A.            The Company, the Consultant and Agri Beef are parties to a Management and Consulting Services Agreement, dated as of June 18, 2002 (the “Management Agreement”), pursuant to which the Consultant provides certain management, consulting and financial planning services to the Company.  In consideration for such services, the Consultant and Agri Beef receive from the Company an annual management fee determined in accordance with the terms of the Management Agreement.  Capitalized terms used in this Agreement but not defined herein shall have the meanings given to such terms in the Management Agreement.

B.            The parent of the Company, MWI Veterinary Supply, Inc., a Delaware corporation (the “Parent”), has filed a registration statement on Form S-1 (Registration No. 333-124264) (the “Registration Statement”) to register with the Securities and Exchange Commission (the “SEC”) shares of common stock in connection with an underwritten initial public offering.

C.            In connection with the initial public offering, the parties have determined that it is in the best interests of the Parent and the Company to terminate the Management Agreement in exchange for the fee set forth herein.

Agreement

1.             Termination; Release.  The parties agree that as consideration for the payment referred to in Section 2 hereof, the Management Agreement will terminate effective immediately prior to the time the Registration Statement is declared effective by the SEC (the “Termination Date”).  Each of the parties also hereby agrees to release the others from any obligations or claim, whether known or unknown, under the Management Agreement effective upon the Termination Date; provided, however, that the obligation of the Company to indemnify the Consultant against any Losses arising out of the Management Agreement shall survive the termination of the Management Agreement.

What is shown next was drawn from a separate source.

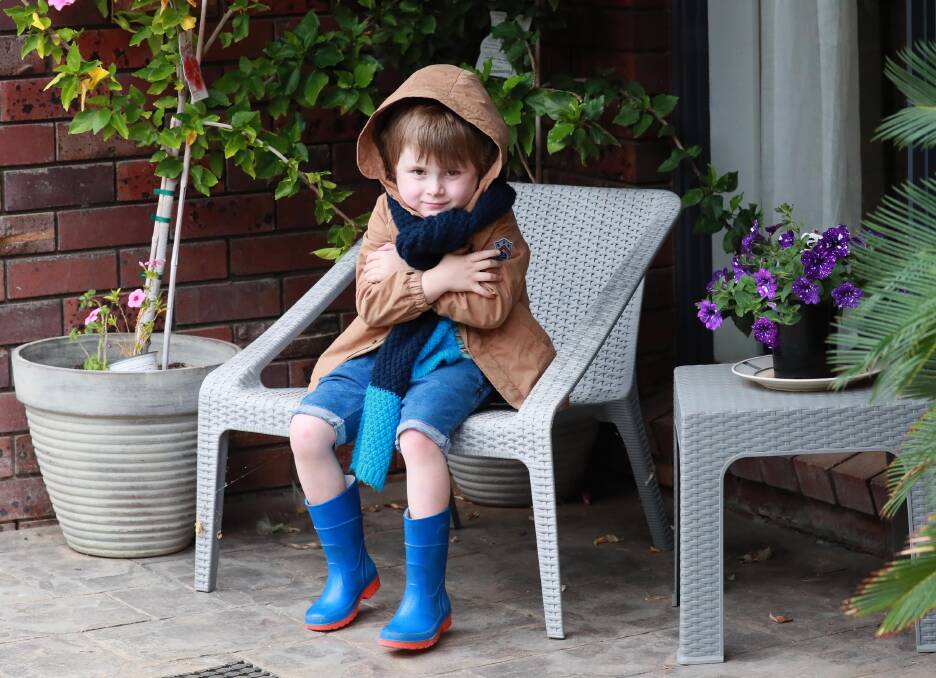 Victor Brady, 5, rugs up against the cold. Picture: Les Smith.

2.             Consideration.  As consideration for the termination of the obligation of the Company to pay the Management Fee pursuant to the Management Agreement, the Company agrees to pay the Consultant $1,600,000 and Agri Beef $400,000, (in the aggregate, the “Termination Fee”).  The Termination Fee shall be payable within 15 days of the Termination Date.

 



 

3.             Counterparts.  This Agreement may be executed in one or more counterparts, each of which shall be an original, with the same effect as if the signatures thereto were upon one instrument.

 

[Signatures begin on next page]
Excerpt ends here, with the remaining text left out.